Lane hopes to pass on his own passion for conservation from a childhood spent in the great outdoors. "There is something patriotic about continuing a way of life somewhat similar to what our country was founded on. Freedom to move about, live a little on the wild side, hike in the dark, take risks, howl at the moon."
Creating community in Blacksburg
While hiking the Appalachian Trail one summer after quitting his job as a computer programmer in Washington, D.C., John Imbur (history '91) stopped in Blacksburg to visit old friends. That's when he heard of plans for Shadowlake Village, a Blacksburg co-housing community, and decided to return to join the project upon completion of his hike. "I fell in love with the land, the people involved with the project, and the shared vision of what was being created," says Imbur, explaining his reasoning in returning to participate. "I get to own my house and live in an intentional community."
Co-housing is a model of development that serves as an alternative to many of the problems America faces with increasing urban sprawl, pollution, and what community members call the "increasing isolation in cookie cutter neighborhoods." Members of Shadowlake--the majority of whom are Virginia Tech alumni, faculty, and staff--are intentionally forming an intergenerational, eco-friendly community.
Features that the residents are especially proud of include the "pedways" meant only for pedestrians (cars are kept to the periphery of the neighborhood), the common house (with a playroom, a library, and a laundry), and the common gardening area. The property is near enough to downtown Blacksburg to allow many of the dwellers to bike or walk to work. And although all units have porches to facilitate community, the site was designed to allow for privacy as well.

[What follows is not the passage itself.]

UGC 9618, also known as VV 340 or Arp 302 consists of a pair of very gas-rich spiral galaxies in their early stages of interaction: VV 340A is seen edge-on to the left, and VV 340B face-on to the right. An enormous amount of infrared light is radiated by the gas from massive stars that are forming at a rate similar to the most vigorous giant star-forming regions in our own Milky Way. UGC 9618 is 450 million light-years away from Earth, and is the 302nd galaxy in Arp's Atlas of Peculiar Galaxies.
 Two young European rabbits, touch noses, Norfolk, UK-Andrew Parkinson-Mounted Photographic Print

Nathan Kranowski (M.S. accounting '77), known as the grandfather of the group, encapsulates the general zeitgeist of the community: "The reason to join is not because you want to buy a house. The reason is because you want to live a certain way."
You can learn more about Shadowlake Village at http://www.shadowlakevillage.org.
Feeding time at the zoo
What do black rhinos, flamingos, vampire bats, and invertebrates have in common? They have all been or are currently under the watchful eye of Mike Maslanka (wildlife science '93), the nutritional services manager and staff nutritionist at the Fort Worth Zoo in Fort Worth, Texas. The zoo's nutritional services department cares for all the animals in the zoo's collection, and "cares for" is the right phrase! "The zoo is so particular about the produce it accepts that the food is better than what most of us buy at the store," says Maslanka.
Maslanka's job has sent him to such faraway places as Alberta, Canada; the Yucatan Peninsula; and many locations in China. Although he's worked with myriad species during his travels and in his current position, he hasn't yet visited what he terms the "mecca of the zoo world": Africa. Maslanka says that it's "almost surreal the number of amazing species to observe there."
Maslanka's jet-setting life hasn't made him forget his roots, though. "Every fall I get the chance to return to Tech to lecture for a few animal science classes. I make the trips as much to teach [students] about wildlife nutrition and physiology as to instill the importance of 'thinking outside the box,'" said Maslanka. He's interested in encouraging students as well as fellow Tech grads. "If other alumni get the chance to see what I do, then they may feel all the better about Tech regardless of where we are or what we have ended up doing. If the background and education I received was enough to allow me to travel and do what I really love, theirs can lead them anywhere they are inclined to let it."